Getting your personal finances in order can be daunting. Not many people want to confront how they are spending and saving their money, so they put it off and let problems compound. Wharton marketing professor Wendy De La Rosa has some simple advice to make the process less stressful: take a financial health day.
Like a mental health day, a financial health day offers the chance to disconnect from the daily pressures of life to focus on the task at hand, relaxed and without judgment. Open that college fund you’ve been meaning to set up; increase your retirement allocation; roll over that 401k from three jobs ago; cancel those subscriptions you haven’t used in months.
“The No. 1 thing all of us can do is take a look at the calendar and give ourselves a financial health day,” De La Rosa said in an interview with Wharton Business Daily. (Listen to the podcast.) “We are not our best selves when we’re focused on our financial anxieties and our financial stress. Let’s take, all of us collectively, a financial health day to improve our financial security.”
“We are not our best selves when we’re focused on our financial anxieties and our financial stress.”— Wendy De La Rosa
Don’t Have Time for a Financial Health Day?
If a full day isn’t possible, schedule a half-day or some regular interval dedicated to reevaluating personal finances, said De La Rosa.
Her research centers on consumer behavior, spending habits, and financial inclusion.
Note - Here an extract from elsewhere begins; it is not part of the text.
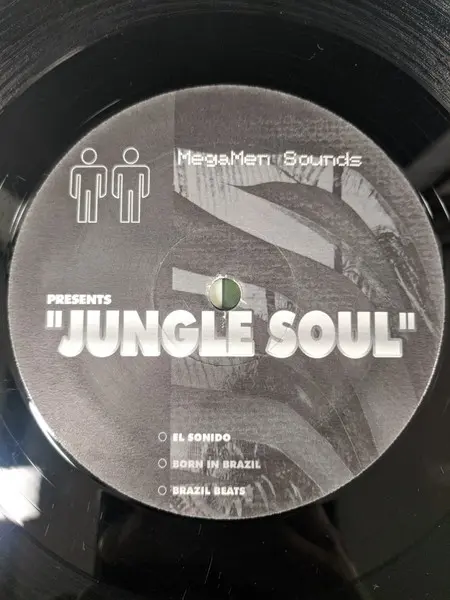 MegaMen - Presents  - Jungle Soul, Electronic, House, Tribal House, 2002 - MegaMen Sounds, US, Vinyl 1x 12", EP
Several years ago, she helped conduct a survey of more than 1,000 U.S. households, asking respondents what they could do to improve their financial security in the next month. About 92% listed three or more actions — proof that people know what they need to do, she said.
“But when we start to feel overwhelmed and anxious, we tend to just delay, delay, delay,” De La Rosa said. “Let’s just take one step at a time. Let’s tackle one of those things. You can knock it out in a day or less.”
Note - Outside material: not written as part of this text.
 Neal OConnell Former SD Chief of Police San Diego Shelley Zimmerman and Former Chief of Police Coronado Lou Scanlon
“Give yourself a little grace.”— Wendy De La Rosa
Set Yourself Up for Financial Health Success
De La Rosa encouraged people to recognize that getting control of their personal finances is more difficult in a world designed to make you spend. Companies have invested heavily in both the psychology and the technology of consumer spending. From one-click purchasing to auto-pay subscriptions, buying is easier than ever, and all those transactions add up.
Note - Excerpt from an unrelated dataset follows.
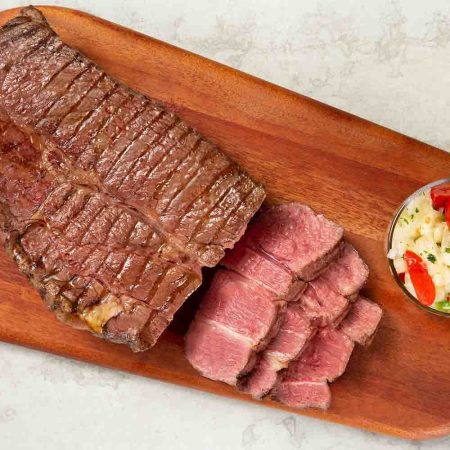 Receita de Short Rib Gran Reserva com vinagrete de abacaxi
“Give yourself a little grace,” she said. “I think a lot of people feel personal shame and guilt over their financial situation, and those are not helpful emotions to drive actions. Let’s take a deep breath and say, ‘My environment is not set up for me to succeed, but I’m empowered to recreate my environment.’”
The same technology that enables spending can also help you curb it. She suggested some speed bumps to wasteful spending, like uninstalling shopping apps or turning on an ad blocker to avoid temptation.
“Willpower can only take us so far,” De La Rosa said. “When we’re training algorithms for the sole purpose of getting people to spend, we then have to help equip people to have a fighting chance against that and not just white-knuckling it.”